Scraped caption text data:
* * *

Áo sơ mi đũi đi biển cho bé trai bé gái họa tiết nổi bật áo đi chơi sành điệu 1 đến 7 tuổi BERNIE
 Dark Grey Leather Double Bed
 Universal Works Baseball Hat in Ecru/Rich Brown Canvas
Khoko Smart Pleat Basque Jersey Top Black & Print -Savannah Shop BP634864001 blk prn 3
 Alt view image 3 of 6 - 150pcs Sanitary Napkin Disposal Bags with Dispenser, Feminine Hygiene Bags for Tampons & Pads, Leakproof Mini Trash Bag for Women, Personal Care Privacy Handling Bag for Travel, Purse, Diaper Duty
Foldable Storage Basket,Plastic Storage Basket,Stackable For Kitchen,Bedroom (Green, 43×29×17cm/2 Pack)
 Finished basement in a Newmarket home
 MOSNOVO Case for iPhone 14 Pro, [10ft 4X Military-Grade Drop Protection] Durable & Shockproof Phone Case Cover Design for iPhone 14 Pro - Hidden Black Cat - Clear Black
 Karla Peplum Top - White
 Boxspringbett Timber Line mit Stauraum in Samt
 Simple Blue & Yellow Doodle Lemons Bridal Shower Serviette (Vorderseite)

* * *

Take the entries above and set them all down again exactly as they read.

Response area ->
Áo sơ mi đũi đi biển cho bé trai bé gái họa tiết nổi bật áo đi chơi sành điệu 1 đến 7 tuổi BERNIE
 Dark Grey Leather Double Bed
 Universal Works Baseball Hat in Ecru/Rich Brown Canvas
Khoko Smart Pleat Basque Jersey Top Black & Print -Savannah Shop BP634864001 blk prn 3
 Alt view image 3 of 6 - 150pcs Sanitary Napkin Disposal Bags with Dispenser, Feminine Hygiene Bags for Tampons & Pads, Leakproof Mini Trash Bag for Women, Personal Care Privacy Handling Bag for Travel, Purse, Diaper Duty
Foldable Storage Basket,Plastic Storage Basket,Stackable For Kitchen,Bedroom (Green, 43×29×17cm/2 Pack)
 Finished basement in a Newmarket home
 MOSNOVO Case for iPhone 14 Pro, [10ft 4X Military-Grade Drop Protection] Durable & Shockproof Phone Case Cover Design for iPhone 14 Pro - Hidden Black Cat - Clear Black
 Karla Peplum Top - White
 Boxspringbett Timber Line mit Stauraum in Samt
 Simple Blue & Yellow Doodle Lemons Bridal Shower Serviette (Vorderseite)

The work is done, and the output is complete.